**WORK REQUEST**
Produce as output only the lines below starting at the line with "Holster Beretta Gaucher" and continuing through the line with "Bande annonce vf", each one exactly as written.

**PROVIDED DATA**
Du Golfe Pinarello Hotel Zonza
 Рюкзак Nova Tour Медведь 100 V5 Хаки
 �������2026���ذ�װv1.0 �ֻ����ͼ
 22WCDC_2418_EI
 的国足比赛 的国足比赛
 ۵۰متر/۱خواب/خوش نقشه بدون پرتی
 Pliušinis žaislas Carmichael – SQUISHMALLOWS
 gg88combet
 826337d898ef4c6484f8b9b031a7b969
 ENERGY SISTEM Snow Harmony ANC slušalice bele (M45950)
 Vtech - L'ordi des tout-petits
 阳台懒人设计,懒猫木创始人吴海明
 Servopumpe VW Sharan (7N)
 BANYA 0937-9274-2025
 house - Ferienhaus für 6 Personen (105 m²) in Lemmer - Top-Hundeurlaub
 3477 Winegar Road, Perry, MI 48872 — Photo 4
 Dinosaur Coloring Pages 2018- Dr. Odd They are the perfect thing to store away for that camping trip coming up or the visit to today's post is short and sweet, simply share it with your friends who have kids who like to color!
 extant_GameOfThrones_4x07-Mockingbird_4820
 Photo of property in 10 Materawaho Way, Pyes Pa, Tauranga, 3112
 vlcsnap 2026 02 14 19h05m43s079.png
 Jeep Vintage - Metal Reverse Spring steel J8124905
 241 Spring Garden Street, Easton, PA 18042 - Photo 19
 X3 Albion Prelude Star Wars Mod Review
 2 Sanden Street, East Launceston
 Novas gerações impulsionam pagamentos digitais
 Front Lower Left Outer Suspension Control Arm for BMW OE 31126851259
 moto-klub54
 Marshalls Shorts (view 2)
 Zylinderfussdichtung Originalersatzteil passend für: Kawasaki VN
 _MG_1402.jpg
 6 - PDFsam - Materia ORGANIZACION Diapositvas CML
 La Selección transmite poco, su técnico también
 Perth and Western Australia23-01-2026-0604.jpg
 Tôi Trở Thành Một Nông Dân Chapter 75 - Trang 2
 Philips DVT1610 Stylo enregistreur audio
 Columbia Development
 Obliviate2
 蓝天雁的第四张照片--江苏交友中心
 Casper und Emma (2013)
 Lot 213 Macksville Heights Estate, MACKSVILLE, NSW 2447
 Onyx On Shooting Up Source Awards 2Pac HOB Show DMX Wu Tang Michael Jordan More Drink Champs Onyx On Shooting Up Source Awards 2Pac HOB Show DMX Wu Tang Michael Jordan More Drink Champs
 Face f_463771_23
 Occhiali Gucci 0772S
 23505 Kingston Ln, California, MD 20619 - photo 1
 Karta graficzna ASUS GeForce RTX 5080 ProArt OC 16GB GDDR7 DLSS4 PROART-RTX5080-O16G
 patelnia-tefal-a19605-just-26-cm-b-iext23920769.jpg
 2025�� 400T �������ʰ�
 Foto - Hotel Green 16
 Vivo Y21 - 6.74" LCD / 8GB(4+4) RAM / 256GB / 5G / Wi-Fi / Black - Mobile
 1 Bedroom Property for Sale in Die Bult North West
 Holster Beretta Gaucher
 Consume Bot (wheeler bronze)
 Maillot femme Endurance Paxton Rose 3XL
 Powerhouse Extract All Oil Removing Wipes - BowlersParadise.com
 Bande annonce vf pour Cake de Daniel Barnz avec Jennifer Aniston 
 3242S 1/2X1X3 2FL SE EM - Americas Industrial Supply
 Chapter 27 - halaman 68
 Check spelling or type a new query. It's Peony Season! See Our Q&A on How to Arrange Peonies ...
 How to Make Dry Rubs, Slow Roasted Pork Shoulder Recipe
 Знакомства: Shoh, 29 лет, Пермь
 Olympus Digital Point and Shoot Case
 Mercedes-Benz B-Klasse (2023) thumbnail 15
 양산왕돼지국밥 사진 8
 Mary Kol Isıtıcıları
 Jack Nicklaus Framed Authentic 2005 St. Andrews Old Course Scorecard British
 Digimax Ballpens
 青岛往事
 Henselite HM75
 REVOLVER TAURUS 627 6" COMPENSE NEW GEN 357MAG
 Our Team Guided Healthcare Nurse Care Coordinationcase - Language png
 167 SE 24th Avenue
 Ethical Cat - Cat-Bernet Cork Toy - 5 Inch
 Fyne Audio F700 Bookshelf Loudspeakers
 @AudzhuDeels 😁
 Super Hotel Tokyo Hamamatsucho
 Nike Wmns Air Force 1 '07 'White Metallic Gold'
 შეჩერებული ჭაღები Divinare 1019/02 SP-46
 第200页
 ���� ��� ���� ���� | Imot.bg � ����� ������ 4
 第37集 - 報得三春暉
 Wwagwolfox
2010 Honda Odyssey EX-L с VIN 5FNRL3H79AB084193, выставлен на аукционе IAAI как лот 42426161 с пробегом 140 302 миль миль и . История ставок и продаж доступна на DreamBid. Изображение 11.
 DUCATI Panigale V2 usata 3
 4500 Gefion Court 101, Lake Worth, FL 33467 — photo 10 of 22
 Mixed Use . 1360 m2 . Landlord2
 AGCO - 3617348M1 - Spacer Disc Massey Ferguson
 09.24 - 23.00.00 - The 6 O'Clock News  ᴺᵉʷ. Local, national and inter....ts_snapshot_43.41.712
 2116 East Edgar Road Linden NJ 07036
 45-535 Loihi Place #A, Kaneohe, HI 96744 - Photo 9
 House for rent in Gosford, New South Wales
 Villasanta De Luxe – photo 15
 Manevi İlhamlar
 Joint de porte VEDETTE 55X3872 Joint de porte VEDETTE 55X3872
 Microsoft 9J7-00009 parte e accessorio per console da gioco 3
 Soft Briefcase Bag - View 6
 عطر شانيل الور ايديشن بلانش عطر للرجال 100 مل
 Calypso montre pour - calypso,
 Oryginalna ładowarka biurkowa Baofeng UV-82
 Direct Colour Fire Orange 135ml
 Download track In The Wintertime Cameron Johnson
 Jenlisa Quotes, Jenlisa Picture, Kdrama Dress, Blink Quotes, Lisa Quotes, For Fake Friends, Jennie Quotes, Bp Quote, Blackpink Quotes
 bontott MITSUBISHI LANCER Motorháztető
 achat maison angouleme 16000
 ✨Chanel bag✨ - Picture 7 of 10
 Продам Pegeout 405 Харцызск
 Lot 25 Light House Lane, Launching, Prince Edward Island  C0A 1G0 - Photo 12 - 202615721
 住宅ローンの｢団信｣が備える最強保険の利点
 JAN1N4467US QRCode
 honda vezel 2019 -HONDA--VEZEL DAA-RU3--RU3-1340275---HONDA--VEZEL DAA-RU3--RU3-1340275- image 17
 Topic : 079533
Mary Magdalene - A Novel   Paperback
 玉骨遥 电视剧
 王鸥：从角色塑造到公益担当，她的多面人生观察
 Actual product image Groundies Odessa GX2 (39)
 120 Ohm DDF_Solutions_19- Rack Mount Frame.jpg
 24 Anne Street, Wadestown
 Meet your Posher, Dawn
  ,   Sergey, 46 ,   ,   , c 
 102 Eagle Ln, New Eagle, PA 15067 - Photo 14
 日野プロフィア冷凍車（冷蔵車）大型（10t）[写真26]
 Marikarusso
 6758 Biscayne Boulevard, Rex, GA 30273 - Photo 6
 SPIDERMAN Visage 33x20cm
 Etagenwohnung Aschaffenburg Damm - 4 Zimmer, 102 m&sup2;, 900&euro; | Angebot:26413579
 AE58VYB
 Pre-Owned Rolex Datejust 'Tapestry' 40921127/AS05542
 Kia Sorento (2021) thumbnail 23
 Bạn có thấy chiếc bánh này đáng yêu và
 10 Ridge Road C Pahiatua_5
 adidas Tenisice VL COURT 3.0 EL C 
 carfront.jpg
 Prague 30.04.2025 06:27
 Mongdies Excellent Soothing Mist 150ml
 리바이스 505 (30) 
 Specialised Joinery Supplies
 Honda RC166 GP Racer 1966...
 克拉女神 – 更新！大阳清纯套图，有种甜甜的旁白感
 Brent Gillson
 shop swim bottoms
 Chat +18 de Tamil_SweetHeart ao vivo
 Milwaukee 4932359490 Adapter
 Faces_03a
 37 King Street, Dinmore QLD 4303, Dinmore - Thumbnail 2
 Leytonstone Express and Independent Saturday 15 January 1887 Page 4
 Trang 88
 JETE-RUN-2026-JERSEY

**EXERCISE SOLUTION**
 Holster Beretta Gaucher
 Consume Bot (wheeler bronze)
 Maillot femme Endurance Paxton Rose 3XL
 Powerhouse Extract All Oil Removing Wipes - BowlersParadise.com
 Bande annonce vf pour Cake de Daniel Barnz avec Jennifer Aniston 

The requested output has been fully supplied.